▶ Problem requirements: An exact copy of the lines from the one containing "Naturalizer Beige Pointed-Toe Leather Flats" through the end of the material is all that is wanted; transcribe only those.

▶ Material for the task:
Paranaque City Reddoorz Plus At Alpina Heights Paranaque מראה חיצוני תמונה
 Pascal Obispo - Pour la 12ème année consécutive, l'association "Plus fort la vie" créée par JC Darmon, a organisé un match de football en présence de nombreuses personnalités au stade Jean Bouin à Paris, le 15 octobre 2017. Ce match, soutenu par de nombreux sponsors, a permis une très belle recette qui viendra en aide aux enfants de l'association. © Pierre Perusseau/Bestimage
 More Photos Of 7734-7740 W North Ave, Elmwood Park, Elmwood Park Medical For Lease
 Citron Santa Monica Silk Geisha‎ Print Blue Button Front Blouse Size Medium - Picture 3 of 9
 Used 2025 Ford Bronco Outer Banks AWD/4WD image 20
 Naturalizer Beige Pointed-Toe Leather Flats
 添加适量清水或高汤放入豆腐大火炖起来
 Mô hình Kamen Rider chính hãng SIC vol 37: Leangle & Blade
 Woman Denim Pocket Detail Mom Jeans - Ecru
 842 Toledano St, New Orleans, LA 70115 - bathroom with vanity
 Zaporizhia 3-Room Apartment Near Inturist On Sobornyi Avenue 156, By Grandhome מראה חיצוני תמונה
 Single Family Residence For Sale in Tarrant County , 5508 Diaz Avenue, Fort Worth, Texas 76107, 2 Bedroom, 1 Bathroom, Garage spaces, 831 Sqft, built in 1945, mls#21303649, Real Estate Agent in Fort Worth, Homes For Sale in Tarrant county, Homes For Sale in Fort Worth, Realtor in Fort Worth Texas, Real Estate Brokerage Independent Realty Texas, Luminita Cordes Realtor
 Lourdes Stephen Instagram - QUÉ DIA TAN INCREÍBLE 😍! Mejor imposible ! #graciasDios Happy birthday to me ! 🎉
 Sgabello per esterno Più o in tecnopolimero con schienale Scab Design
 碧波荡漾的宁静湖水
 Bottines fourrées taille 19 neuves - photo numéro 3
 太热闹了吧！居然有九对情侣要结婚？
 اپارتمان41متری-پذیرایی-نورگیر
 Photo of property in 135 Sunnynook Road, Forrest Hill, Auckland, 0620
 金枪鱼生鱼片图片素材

▶ Answer section:
 Naturalizer Beige Pointed-Toe Leather Flats
 添加适量清水或高汤放入豆腐大火炖起来
 Mô hình Kamen Rider chính hãng SIC vol 37: Leangle & Blade
 Woman Denim Pocket Detail Mom Jeans - Ecru
 842 Toledano St, New Orleans, LA 70115 - bathroom with vanity
 Zaporizhia 3-Room Apartment Near Inturist On Sobornyi Avenue 156, By Grandhome מראה חיצוני תמונה
 Single Family Residence For Sale in Tarrant County , 5508 Diaz Avenue, Fort Worth, Texas 76107, 2 Bedroom, 1 Bathroom, Garage spaces, 831 Sqft, built in 1945, mls#21303649, Real Estate Agent in Fort Worth, Homes For Sale in Tarrant county, Homes For Sale in Fort Worth, Realtor in Fort Worth Texas, Real Estate Brokerage Independent Realty Texas, Luminita Cordes Realtor
 Lourdes Stephen Instagram - QUÉ DIA TAN INCREÍBLE 😍! Mejor imposible ! #graciasDios Happy birthday to me ! 🎉
 Sgabello per esterno Più o in tecnopolimero con schienale Scab Design
 碧波荡漾的宁静湖水
 Bottines fourrées taille 19 neuves - photo numéro 3
 太热闹了吧！居然有九对情侣要结婚？
 اپارتمان41متری-پذیرایی-نورگیر
 Photo of property in 135 Sunnynook Road, Forrest Hill, Auckland, 0620
 金枪鱼生鱼片图片素材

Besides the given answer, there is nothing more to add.